In [1]:
import json
import random

data_path = "./shakespeare.jsonl"

with open(data_path, "r", encoding="utf-8") as f:
    data = [json.loads(line) for line in f]

random.shuffle(data)

split_idx = int(0.9 * len(data))
train_data = data[:split_idx]
val_data = data[split_idx:]

def save_jsonl(filename, dataset):
    with open(filename, "w", encoding="utf-8") as f:
        for item in dataset:
            f.write(json.dumps(item, ensure_ascii=False) + "\n")

save_jsonl("data_train.jsonl", train_data)
save_jsonl("data_val.jsonl", val_data)

print(f"Train: {len(train_data)}, Val: {len(val_data)}")


Train: 18971, Val: 2108


In [2]:
for item in data[:3]:
    print(item)
    print("\n")

{'instruction': 'Rewrite the text in Shakespearean style.', 'input': 'I just meant that our hearts are joined, so we can almost think of them as one heart.', 'output': 'I mean that my heart unto yours is knit So that but one heart we can make of it.'}


{'instruction': 'Rewrite the text in Shakespearean style.', 'input': 'The princes are under some strange misunderstanding.', 'output': 'There is some strange misprision in the princes.'}


{'instruction': 'Rewrite the text in Shakespearean style.', 'input': 'Everything’s fine now.', 'output': 'Now all is well.'}




In [None]:
from datasets import load_dataset
from transformers import AutoTokenizer, AutoModelForCausalLM, Trainer, TrainingArguments
from peft import LoraConfig, get_peft_model, TaskType, PeftModel

model_name = "distilbert/distilgpt2"
tokenizer = AutoTokenizer.from_pretrained(model_name)
tokenizer.pad_token = tokenizer.eos_token 

model = AutoModelForCausalLM.from_pretrained(model_name)

lora_config = LoraConfig(
    r=8,
    lora_alpha=32,
    target_modules=["c_attn", "c_proj"],
    lora_dropout=0.1,
    task_type=TaskType.CAUSAL_LM
)
model = get_peft_model(model, lora_config)
model.print_trainable_parameters()

dataset = load_dataset("json", data_files={
    "train": "data_train.jsonl",
    "validation": "data_val.jsonl"
})

def preprocess(example):

    full_text = f"Instruction: {example['instruction']} Input: {example['input']} Output: {example['output']}"
    prompt_text = f"Instruction: {example['instruction']} Input: {example['input']} Output:"

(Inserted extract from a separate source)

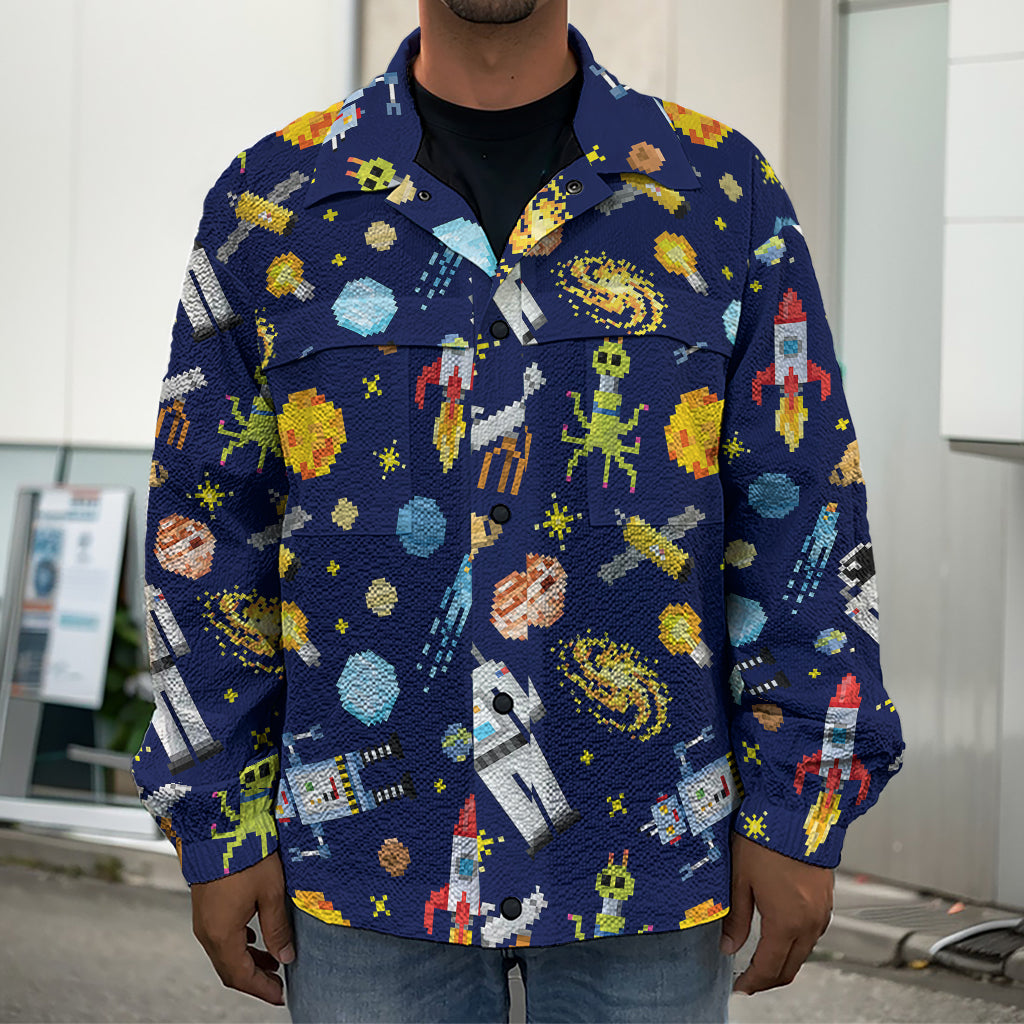 Pixel Space Pattern Print Men's Shirt Jacket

    full_tokens = tokenizer(full_text, truncation=True, max_length=512)
    prompt_tokens = tokenizer(prompt_text, truncation=True, max_length=512)

    labels = full_tokens["input_ids"].copy()

    output_start = len(prompt_tokens["input_ids"])

    for i in range(output_start):
        labels[i] = -100

    full_tokens = tokenizer.pad(full_tokens, max_length=512, padding="max_length")
    full_tokens["labels"] = labels + [-100] * (512 - len(labels))

    return full_tokens

tokenized_dataset = dataset.map(preprocess, batched=False)